Thoracic aortic aneurysm (TAA) is characterized by dilation of the aortic root or ascending/descending aorta. TAA is a heritable disease that can be potentially life threatening. While 10%–20% of TAA ...cases are caused by rare, pathogenic variants in single genes, the origin of the majority of TAA cases remains unknown. A previous study implicated common variants in FBN1 with TAA disease risk. Here, we report a genome-wide scan of 1,351 TAA-affected individuals and 18,295 control individuals from the Cardiovascular Health Improvement Project and Michigan Genomics Initiative at the University of Michigan.

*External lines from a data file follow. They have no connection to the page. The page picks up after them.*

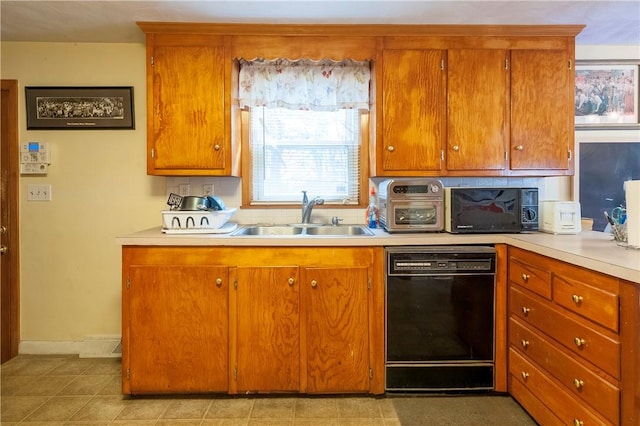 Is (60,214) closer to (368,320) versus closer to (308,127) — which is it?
(308,127)

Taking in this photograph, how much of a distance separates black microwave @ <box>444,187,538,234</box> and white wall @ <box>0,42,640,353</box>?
0.54m

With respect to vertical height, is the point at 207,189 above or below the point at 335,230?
above

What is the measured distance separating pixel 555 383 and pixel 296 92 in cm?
216

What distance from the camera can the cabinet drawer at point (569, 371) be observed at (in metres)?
1.38

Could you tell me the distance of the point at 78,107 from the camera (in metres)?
2.72

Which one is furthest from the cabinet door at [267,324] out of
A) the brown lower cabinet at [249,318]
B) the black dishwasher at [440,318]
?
the black dishwasher at [440,318]

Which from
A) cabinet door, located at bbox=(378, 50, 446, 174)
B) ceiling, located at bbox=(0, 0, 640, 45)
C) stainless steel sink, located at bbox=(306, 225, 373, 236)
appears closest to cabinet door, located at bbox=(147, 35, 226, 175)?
ceiling, located at bbox=(0, 0, 640, 45)

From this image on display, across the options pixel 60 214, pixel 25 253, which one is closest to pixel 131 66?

We identified a genome-wide significant association with TAA for variants within the third intron of TCF7L2 following replication with meta-analysis of four additional independent cohorts. Common variants in this locus are the strongest known genetic risk factor for type 2 diabetes. Although evidence indicates the presence of different causal variants for TAA and type 2 diabetes at this locus, we observed an opposite direction of effect. The genetic association for TAA colocalizes with an aortic eQTL of TCF7L2, suggesting a functional relationship. These analyses predict an association of higher expression of TCF7L2 with TAA disease risk. In vitro, we show that upregulation of TCF7L2 is associated with BCL2 repression promoting vascular smooth muscle cell apoptosis, a key driver of TAA disease.